Well, I like having a reason to spend time in that world with those people.

I like having a reason to spend time.

Modern games don't give me a reason, and don't let me spend time.

...

The easiest example for me is FFVI. In the first half of FFVI, I loved grinding. Hanging out with Terra and Sabin and Locke and the other guy... Fred? Whatever. That was great! The world was beautiful, the music was grand, the characters were fun! I really loved their reaction when you first use magic in a fight: the game patiently waits for you to use magic, it doesn't just force the scene in wherever. It's damn near perfect.

How about the "reason" and the "spend time"?

Well, in a linear RPG, the "reason" is easy. There's a meat gate. You're stuck here until you can beat the meat gate, so you grind until you can.

The "spend time" is also easy: you measure your progress not in absolute power gains, but in gains relative to the meat gate. You're not "level 6", you're "two levels below where you need to be". How high we set the bar varies based on the player, but in the end you can't get around the meat wall. You have to grind through it.

You have a reason to be here (you're just stuck here) and you have a way to measure the passing of grind-time (your power relative to the meat gate).

The Kefka blows up the world, and you can go anywhere.

I didn't like this part as much for grinding. For non-grinding play, it was intense, and I appreciate that.
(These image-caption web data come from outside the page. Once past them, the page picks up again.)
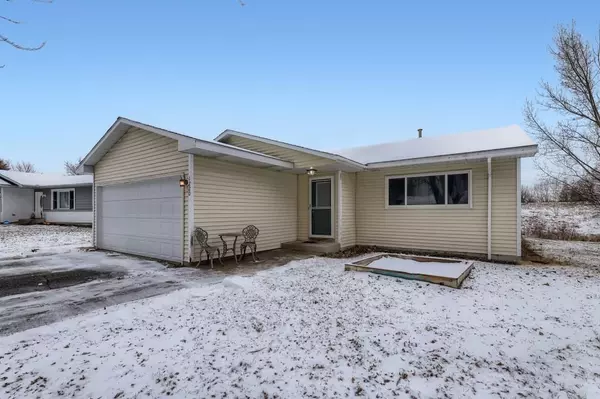 1220 Carriage Hills DR S, Cambridge, MN 55008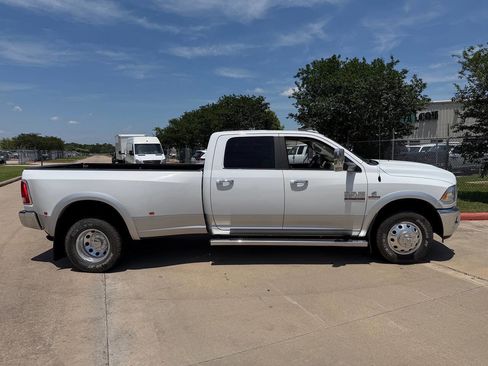Used 2018 RAM 3500 Laramie RWD image 11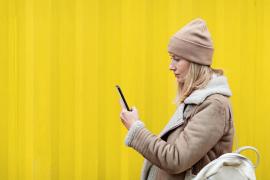 Românii ar putea fi amendaţi cu până la 4.500 de lei dacă folosesc telefonul mobil când traversează strada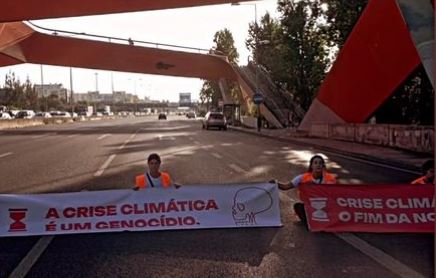 Lisboa. Ativistas climáticos cortam trânsito na Segunda Circular e depois penduram-se no viaduto da Galp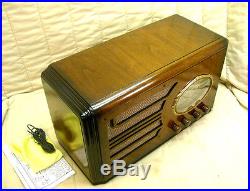 Old Antique Wood Coronado Vintage Tube Radio Restored & Working Table Top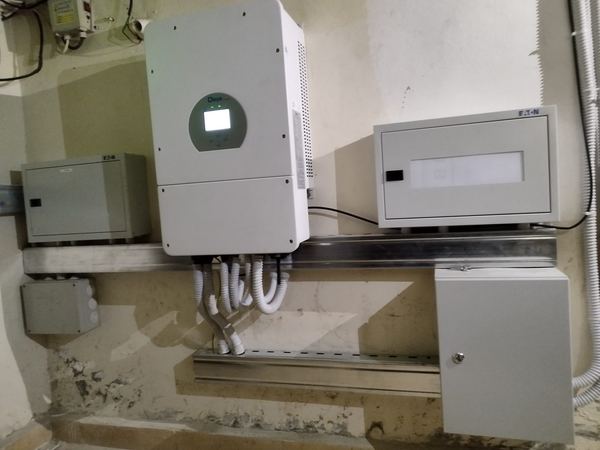 Hybrid inverter and protection boxes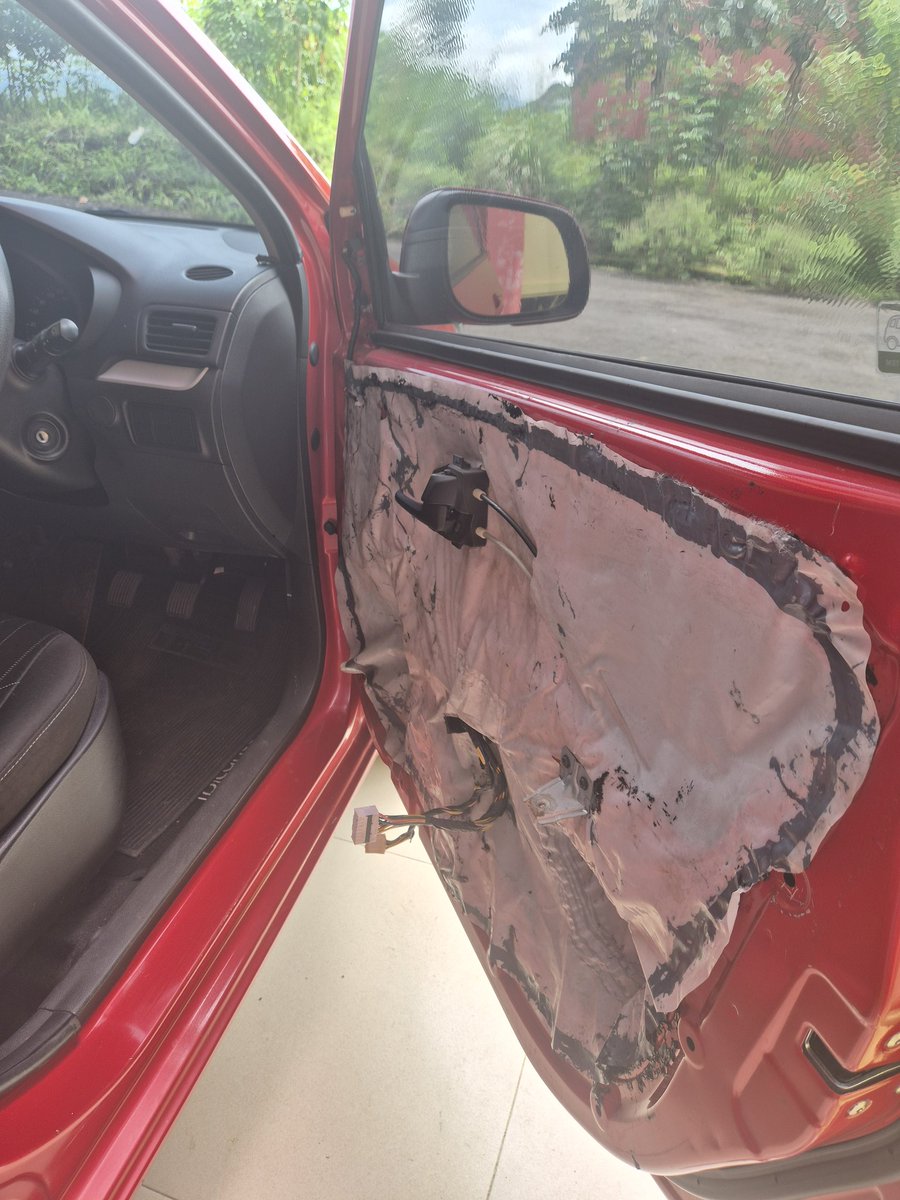 apidamx's tweet photo. Repair switch power window central modal youtube 😂 https://t.co/mrxpyh9Xwq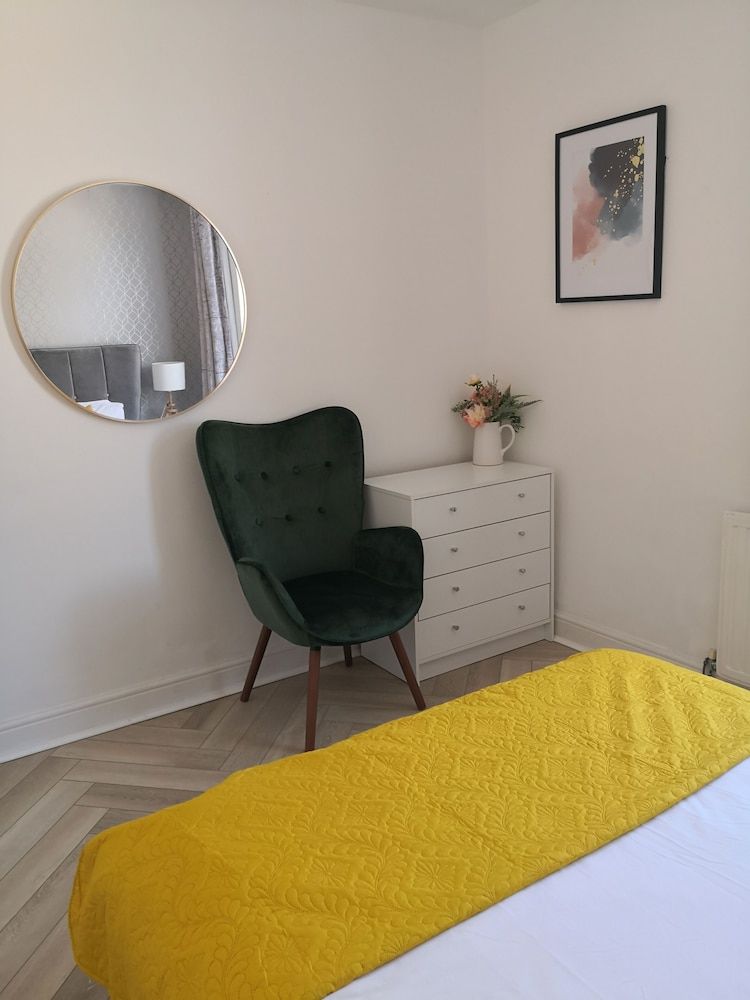 Standard House, 3 Bedrooms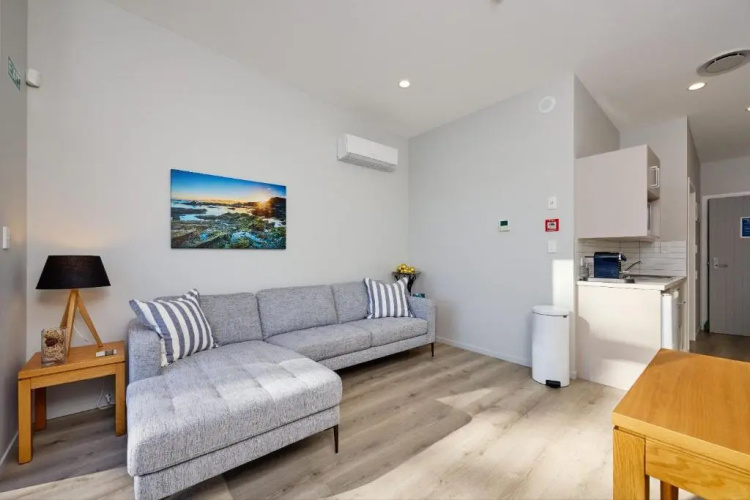 Shearwater Apartments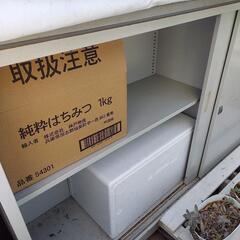 スチール倉庫？書庫？の画像
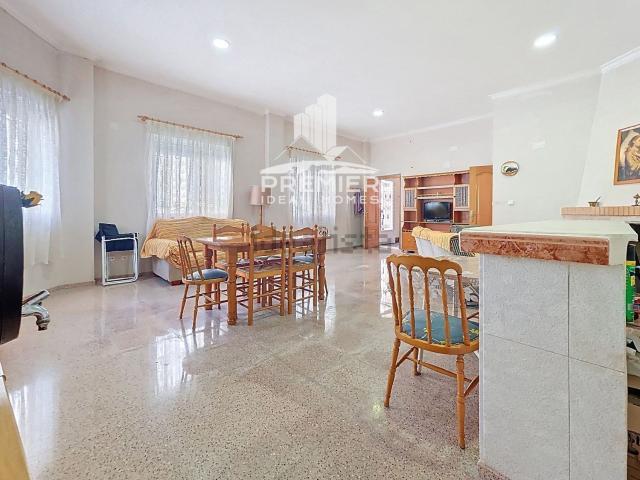 Chalet, Elda
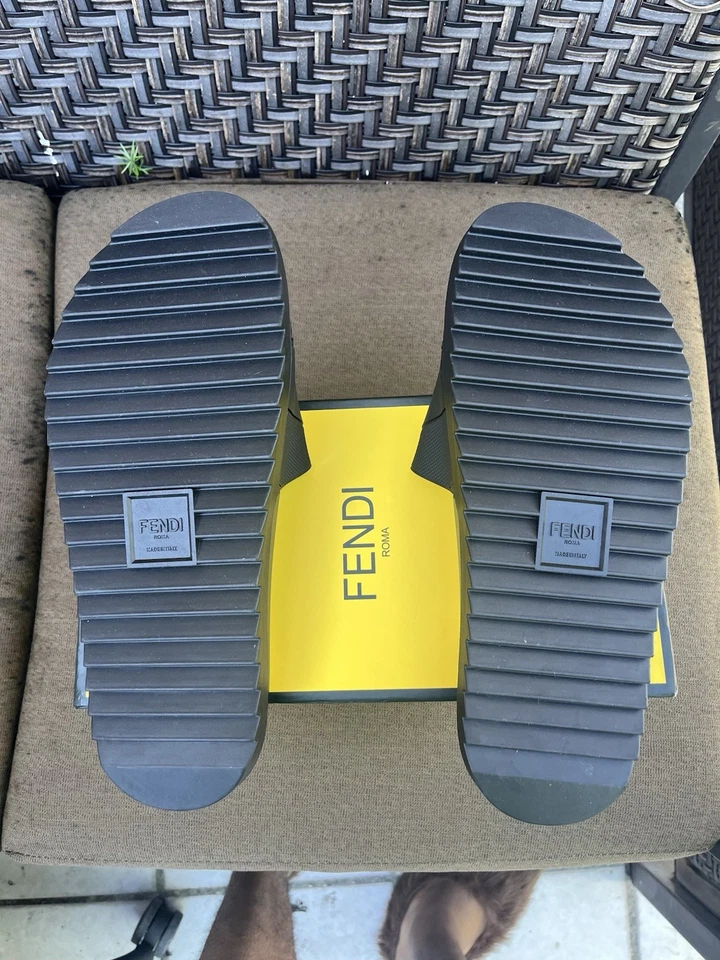 Fendi Hombre Diagonal Logo Slides Talla 13 Totalmente Nuevo Foto 2 de 4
But I couldn't spend much time in this world. Ironically, once the world opened-up, things got more goal-focused. While the goals were very well-written, they aren't very long and don't require grinding.

You can still grind, of course - kill baddies, gain levels. But there's no easy way to engage with the world or measure your progress - it turns into bland statistical grinding instead of being stuck somewhere intense making progress against a particular challenge.

I had no reason to grind, and no way to really measure time.

This changed when I remember Gau and Strago, two characters I'd written off as "annoying to use". These are characters that give you a reason to grind, and a way to measure grind progress. Not perfectly, but better than nothing. Plus, the music on the veldt is amaaaaaaaazing.

And, just like that, grinding became fun again. I had a reason (improving Gau and Strago's unique abilities) and a way to measure time (The list filling in) in that world with those people.

...

Open-world is not a curse. I love open-world games. I loved them back in the day, with Fallout and Wasteland. I love them now. And I can grind in open worlds, too. The process is a bit different, because instead of grinding "in place", I grind while exploring.

It's dangerous to equate the two kinds of grinding, because the first half of the sentence is different.

I like having a reason to spend time in that world with those people.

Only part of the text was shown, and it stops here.